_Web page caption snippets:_
== Segment start ==

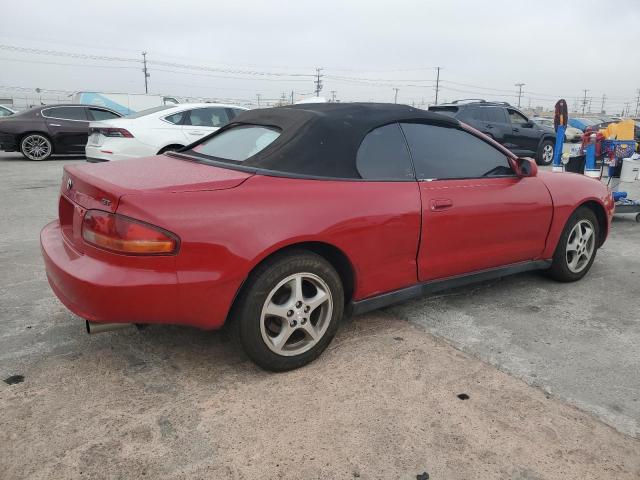 Photo 2 VIN: JT5FG02TXV0040098 - TOYOTA CELICA GT 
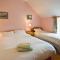 Castlehouse B&B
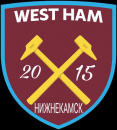 West Ham Double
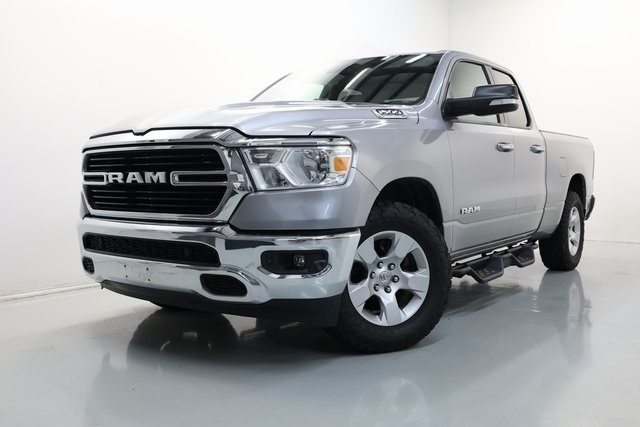 Ram 1500 Thumbnail Image 89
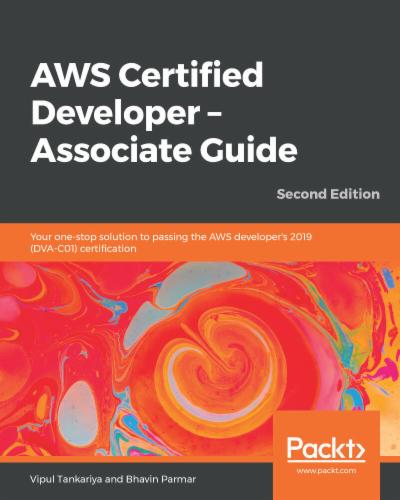 AWS Certified Developer - Associate Guide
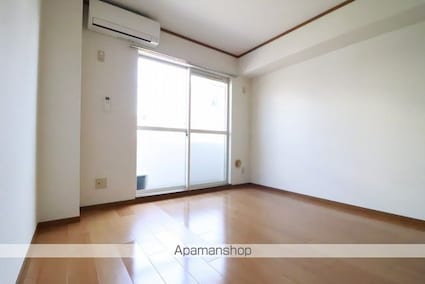 サンセール[1K/25.25m2]の内装1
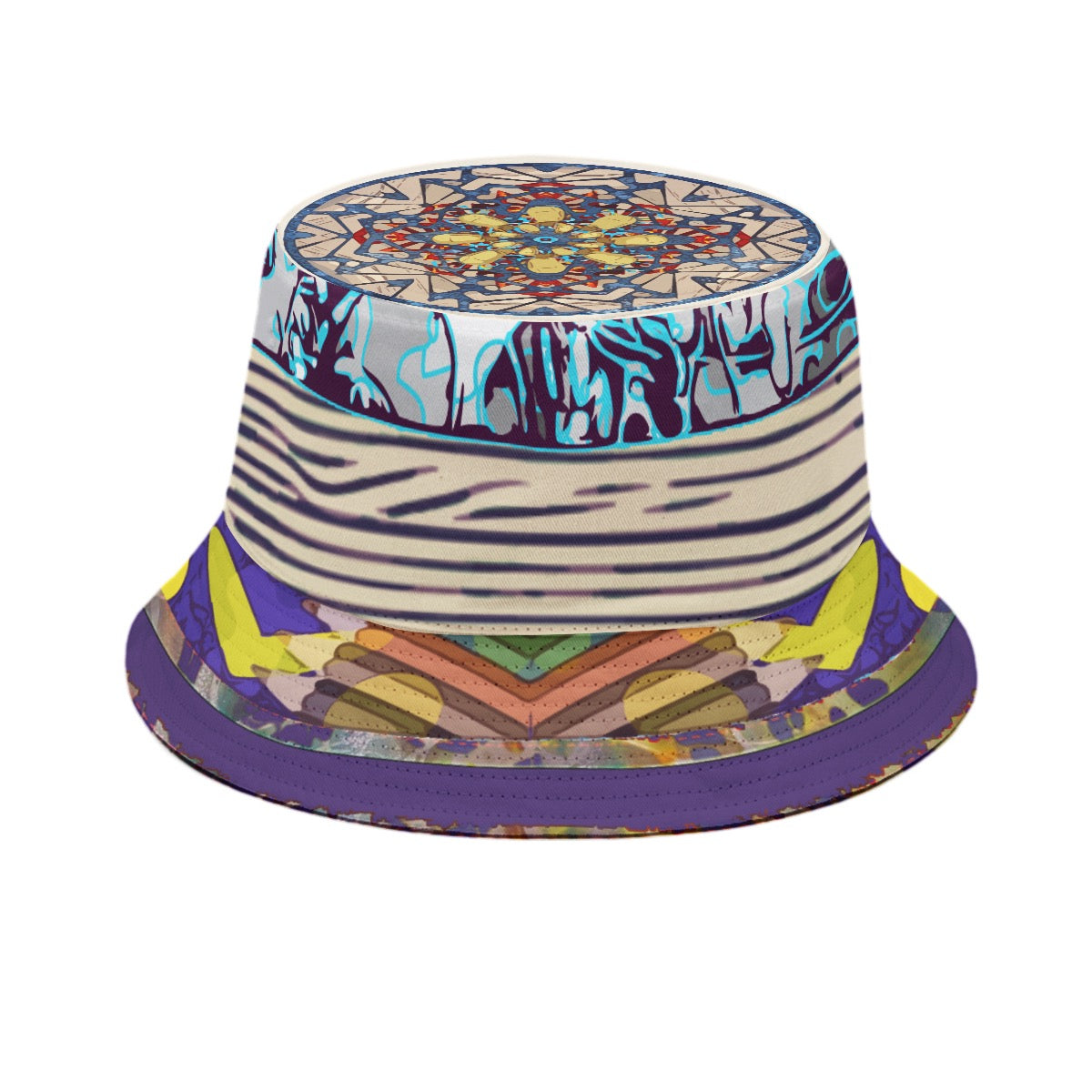Smokey Joe Bucket Hat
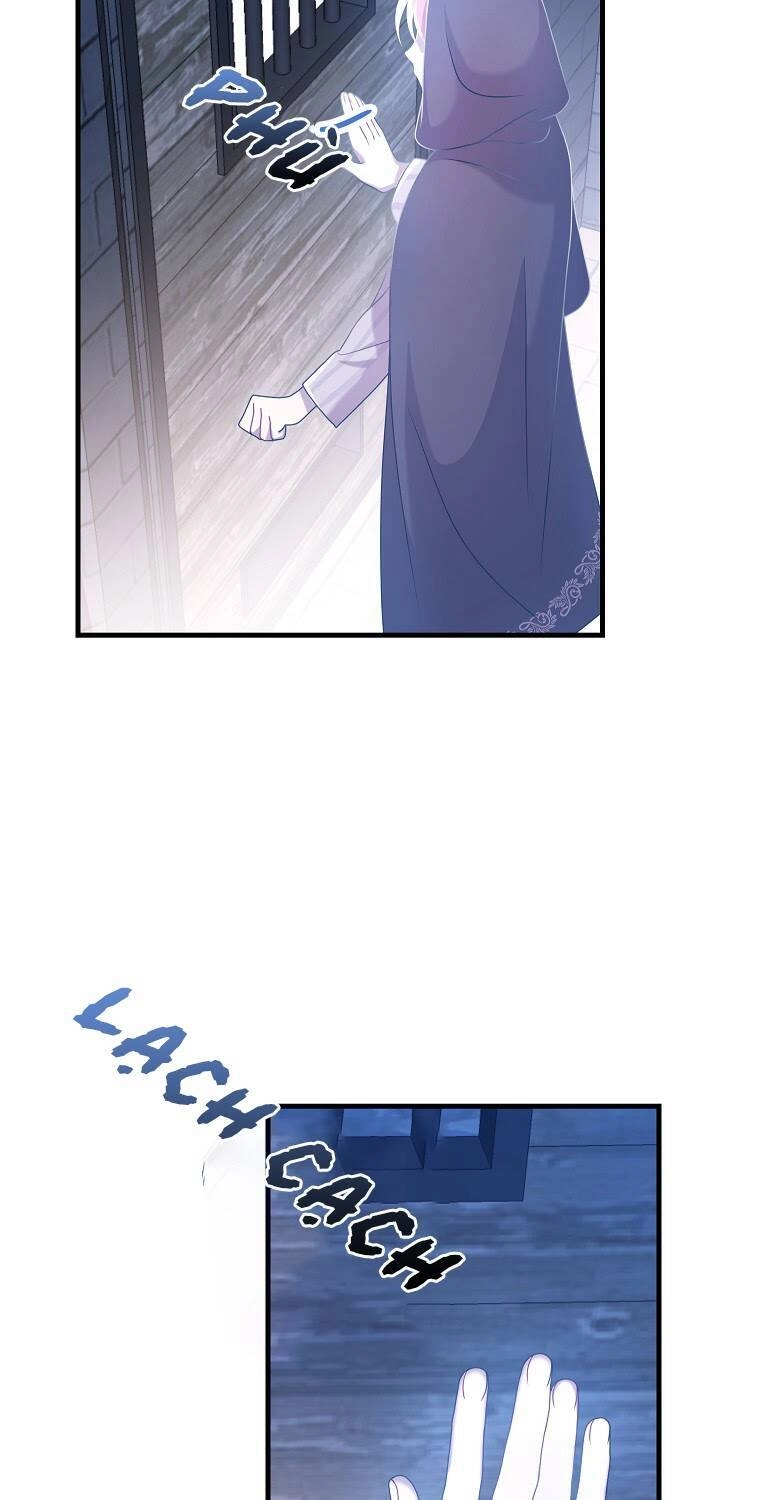 Tôi Đã Gặp Nam Chính Ở Trong Tù Chapter 13 - 13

== Segment end ==

_Work order:_
Could you transcribe the records above exactly, leaving out any pictures?

_Task solution:_
 Photo 2 VIN: JT5FG02TXV0040098 - TOYOTA CELICA GT 
 Castlehouse B&B
 West Ham Double
 Ram 1500 Thumbnail Image 89
 AWS Certified Developer - Associate Guide
 サンセール[1K/25.25m2]の内装1
Smokey Joe Bucket Hat
 Tôi Đã Gặp Nam Chính Ở Trong Tù Chapter 13 - 13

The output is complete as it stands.